What do you do with a song with a two minute guitar solo when you have no backing band? Tinashe's answer to her 'Bet' problem: Give one of your dancers a tap-dance showcase. You read that right: 'tappa, tappa, tappa'.

And it was awesome. It could be the most over tap's been in Perth since the swingin' 50s, or at least some largely ignored Fringe show. With a spare set-up of one drummer, a loud as fuck backing track and four dancers split over the two sexes Tinashe delivered a wild show that felt as alive as any ten-piece orchestra.

In 2014, bolstered by the DJ Mustard produced, Schoolboy Q assisted summer hit '2 On', Tinashe's debut album Aquarius converted the esoteric cloud RnB aesthetic she mined on her earlier bedroom mixtapes into a sleeper mainstream success. Even if Aquarius is accessible, '2 On' aside, it's often wispy. Tinashe, sounding literally lithe, wades through a mist of hazy weed smoke, ambiance and jittery syncopated beats, not exactly festival fodder. It's an audio profile that sometimes risks falling into the “Mya trap” – so named for the 'Case of the Ex' singer – where you risk being background in your own hits. Not this girl though, by God she turn her material up to 11.

Even at her short stature, with her aggressive dancing, two-toned hoodie, full self-confidence and taut stomach, Tinashe conjures a range of different reference points – Janet, Aaliyah, Usher, Yolandi Vi$$er, the 'You & Me' video among others – to emerge as possibly the most sexually powerful performer of the new young RnB generation, give or take a Tink.

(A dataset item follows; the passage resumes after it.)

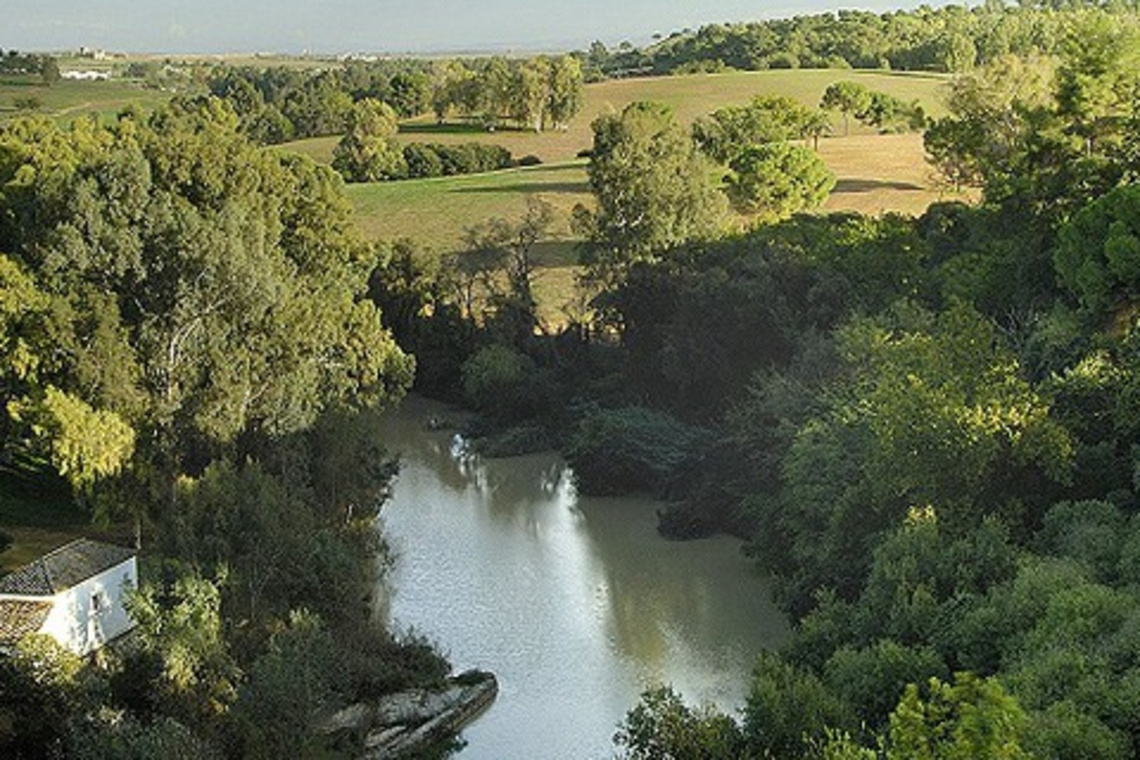EL AYUNTAMIENTO DENUNCIA UN VERTIDO CONTAMINANTE EN EL RÍO GUADAÍRA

Running through a collection of old tracks and bonus cuts, starting with 'Vulnerable' (“Don't stop lookin' at me x8”), Tinashe cast a spell-binding presence even before she launched into tracks from her debut album.

It makes no sense to pick out specific highlights of such a heavily crafted and all-energy show, maybe the bedroom anthem 'How Many Times' or the head-nodding 'Watch Me Work'. The diminutive Tinashe's power came through fully on the Lil' Jon-in-slomo banger 'All Hands on Deck' (produced by Cashmere Cat), before leaving the stage for her dancers and drummer to steal the spotlight on a mental cover of 'Turn Down for What?'. The only real misstep may have been an overly dramatised mood-breaking run-through of 'Bated Breath' a sort of power ballad that loses much of its allure without the intricacies a live band can provide.

All that was left after was an extended version of the radio hit '2 On'. Hyper-powered with the full lyrical force of the floor of the Gardens, Tinashe completely shined, repeating the wicked bridge “just gimme the trees so we can smoke it yeah/just gimme the drink so we can pour it yeah” to each minute section of the crowd, showing that she was having as much fun as the audience beyond.

Tinashe is a performer arriving in Perth at the right time, enough mixtapes and albums behind her to have a distinct sound and charisma, but without any impression of being jaded or formulaic. Amidst the traditional malaise of dull indie rockers and psych jammers that seem overrepresented in these parts it's a joy to get a performer so intensely focused on having fun and transmitting that joy, sensuality and excitement to her audience. Long live the female RnB superstar.